In Dortmund haben Spezialeinsatzkräfte der Polizei einen 33-jährigen Mann festgenommen, der zuvor in eine Wohnung eingebrochen war, auf den Bewohner geschossen und sich anschließend in seiner eigenen Wohnung verschanzt hatte. Bei der Durchsuchung stellten die Beamten ein ganzes Waffenarsenal sicher.
Der Vorfall begann am Donnerstagabend gegen 18 Uhr an der Fritz-Reuter-Straße. Ein 45-jähriger Dortmunder kehrte vom Einkaufen zu seiner Wohnung zurück und sah einen Mann, der ein Fahrrad schob. Der 45-Jährige erkannte das Fahrrad als sein eigenes und eilte dem Unbekannten hinterher, um ihn anzusprechen.
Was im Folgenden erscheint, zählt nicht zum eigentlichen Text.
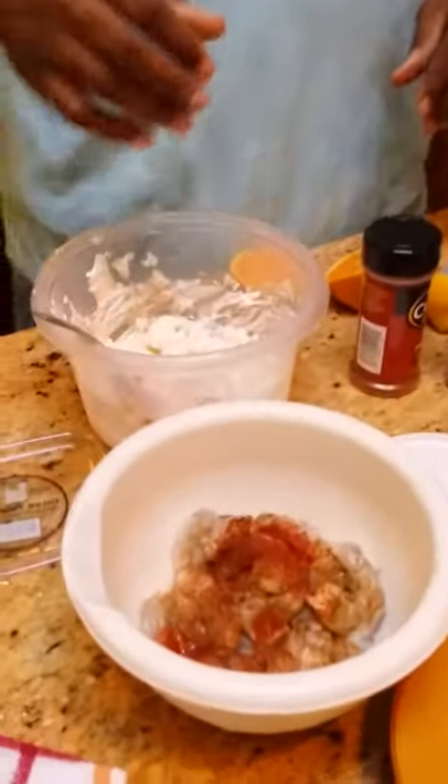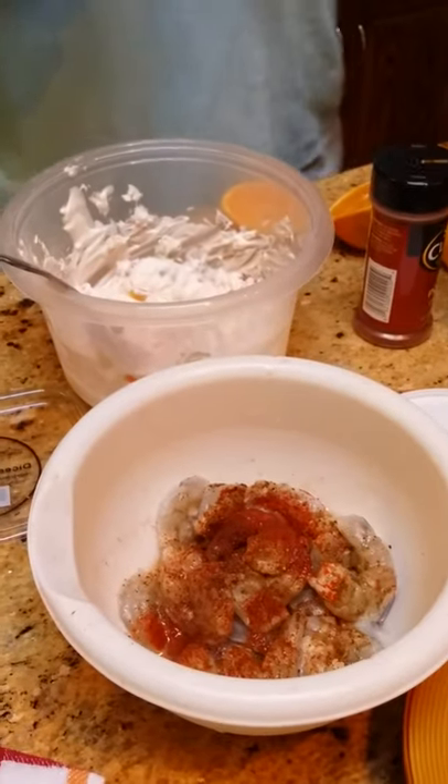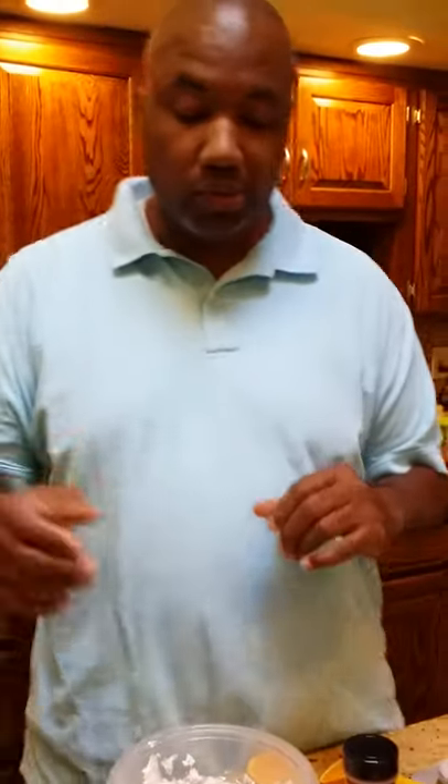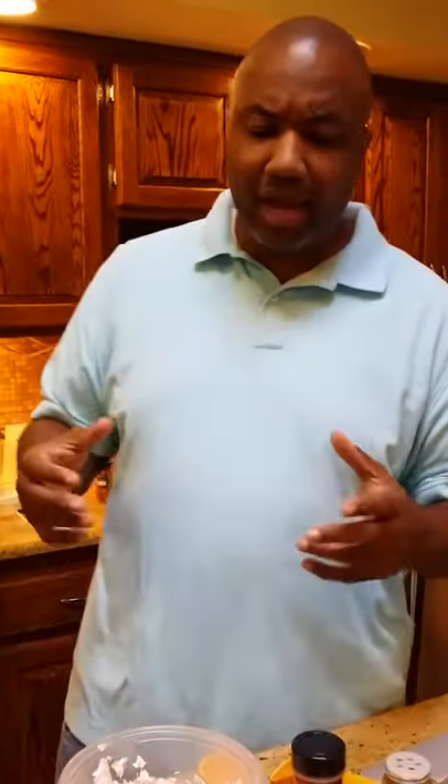I've already got some of my shrimp laid out. What I did was, I have some chili pepper in there, I have some cumin, I have smoked paprika, I did a little lemon on top of it, I also put a little salt, a little pepper, and now we're basically letting it marinate for a little while. Shrimp is one of those fish that really absorbs what you put on it, so it's going to have some great pop to it.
Zwischen beiden Männern entstand zunächst ein verbaler Streit. Im Verlauf der Auseinandersetzung zog der Tatverdächtige eine Schusswaffe und feuerte zwei Schüsse in Richtung des Dortmunders ab. Anschließend flüchtete der Mann und ließ das Fahrrad zurück. Der 45-Jährige blieb unverletzt, stellte jedoch bei seiner Rückkehr fest, dass seine Wohnungstür aufgebrochen und Gegenstände entwendet worden waren.
Polizeikräfte trafen den Tatverdächtigen wenig später vor einem Mehrfamilienhaus an der Schillerstraße an. Beim Erblicken der Beamten flüchtete der 33-Jährige in seine Wohnung, verschloss die Tür und drohte den Einsatzkräften. Im weiteren Verlauf versuchte er, Feuer in seiner Wohnung zu legen – der Versuch misslang jedoch.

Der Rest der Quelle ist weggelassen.